Burbank may have to pass on $125,000 in federal grant money if an earlier City Council decision to halt sidewalk construction on two blocks of Screenland Drive near Luther Middle School remains unchanged.
Following the outcry of nearly 90% of the residents on the 1800 and 1900 blocks of Screenland Drive earlier this year, the City Council voted 3 to 2 to halt the construction of sidewalks on that stretch of street.
The residents argued they weren’t adequately notified of the project, and said the new walkways would create their own safety hazards.
The project would have been funded by a federal Safe Routes to Schools grant the city applied for in late 2006. The grant is “designed to improve and enhance the safety of schoolchildren walking or bicycling to and from school,” according to a city report.

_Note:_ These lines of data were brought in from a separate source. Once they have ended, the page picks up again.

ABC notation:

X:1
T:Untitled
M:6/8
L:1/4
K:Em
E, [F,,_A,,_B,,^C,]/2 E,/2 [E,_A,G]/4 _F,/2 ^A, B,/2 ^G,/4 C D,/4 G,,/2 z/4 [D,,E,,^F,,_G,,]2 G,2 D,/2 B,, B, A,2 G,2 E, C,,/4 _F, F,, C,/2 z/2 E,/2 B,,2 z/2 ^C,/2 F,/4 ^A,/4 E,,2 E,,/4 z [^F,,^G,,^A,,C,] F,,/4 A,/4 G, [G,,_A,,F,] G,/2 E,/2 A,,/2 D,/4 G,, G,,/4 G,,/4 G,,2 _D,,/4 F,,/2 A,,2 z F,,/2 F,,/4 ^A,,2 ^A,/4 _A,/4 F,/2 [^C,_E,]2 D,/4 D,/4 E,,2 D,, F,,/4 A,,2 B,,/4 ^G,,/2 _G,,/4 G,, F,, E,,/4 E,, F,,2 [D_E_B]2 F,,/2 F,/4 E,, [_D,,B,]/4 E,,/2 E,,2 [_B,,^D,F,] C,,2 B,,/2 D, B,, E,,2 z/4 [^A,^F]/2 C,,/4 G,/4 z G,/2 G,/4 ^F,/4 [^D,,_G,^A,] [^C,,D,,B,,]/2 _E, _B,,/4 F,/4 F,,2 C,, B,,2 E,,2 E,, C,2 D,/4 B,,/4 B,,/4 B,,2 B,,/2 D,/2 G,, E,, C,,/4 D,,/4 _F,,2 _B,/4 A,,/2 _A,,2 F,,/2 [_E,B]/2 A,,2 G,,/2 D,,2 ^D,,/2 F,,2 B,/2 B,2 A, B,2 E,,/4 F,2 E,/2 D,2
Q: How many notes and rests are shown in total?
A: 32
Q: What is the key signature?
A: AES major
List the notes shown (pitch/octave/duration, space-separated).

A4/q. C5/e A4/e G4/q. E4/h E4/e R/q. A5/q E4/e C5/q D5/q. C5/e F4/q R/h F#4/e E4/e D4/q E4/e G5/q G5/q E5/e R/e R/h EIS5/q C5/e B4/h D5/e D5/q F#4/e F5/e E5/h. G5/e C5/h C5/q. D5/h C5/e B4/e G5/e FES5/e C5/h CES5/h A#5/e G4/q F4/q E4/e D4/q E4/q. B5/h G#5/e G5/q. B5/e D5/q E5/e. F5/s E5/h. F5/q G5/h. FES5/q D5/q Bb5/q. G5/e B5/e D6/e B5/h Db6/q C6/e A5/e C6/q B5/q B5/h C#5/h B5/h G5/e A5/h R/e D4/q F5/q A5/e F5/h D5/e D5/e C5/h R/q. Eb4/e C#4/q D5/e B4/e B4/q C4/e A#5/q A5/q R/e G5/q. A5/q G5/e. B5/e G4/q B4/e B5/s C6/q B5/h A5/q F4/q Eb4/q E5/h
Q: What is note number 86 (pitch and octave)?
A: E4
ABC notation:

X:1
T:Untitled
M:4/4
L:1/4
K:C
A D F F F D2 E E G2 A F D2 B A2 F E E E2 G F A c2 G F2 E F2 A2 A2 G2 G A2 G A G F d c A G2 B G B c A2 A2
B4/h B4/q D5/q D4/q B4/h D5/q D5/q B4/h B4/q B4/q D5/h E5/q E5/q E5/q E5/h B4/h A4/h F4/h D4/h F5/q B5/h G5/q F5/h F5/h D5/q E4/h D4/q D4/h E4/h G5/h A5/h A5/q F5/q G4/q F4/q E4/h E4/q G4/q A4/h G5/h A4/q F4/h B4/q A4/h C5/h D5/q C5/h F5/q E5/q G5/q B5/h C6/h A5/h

When the city originally applied for the funds, officials polled the 1800 block of Screenland Drive and reported a 50% acceptance rate. Due to an oversight, the 1900 block residents were not originally notified.
The California Department of Transportation, which monitors the grant funding, warned city officials that while the sidewalk may be eliminated from grant without penalty, future grant applications might be impacted.
If sidewalks are not installed with the grant money allocated for the project, changing federal regulations could force the city to invest its own money. The city has received more than $3 million isince the grant program began.
There are currently no disability access laws that require sidewalks on residential streets, but officials say the regulations change annually. And since the project was originally set to take place, the city could be at increased risk should an injury occur where there’s no sidewalk, city officials said.
“If an accident occurred now that could have been prevented with sidewalk, [Burbank] may have some increased liability because of the discussions and staff recommendations,” said Traffic Engineer Ken Johnson.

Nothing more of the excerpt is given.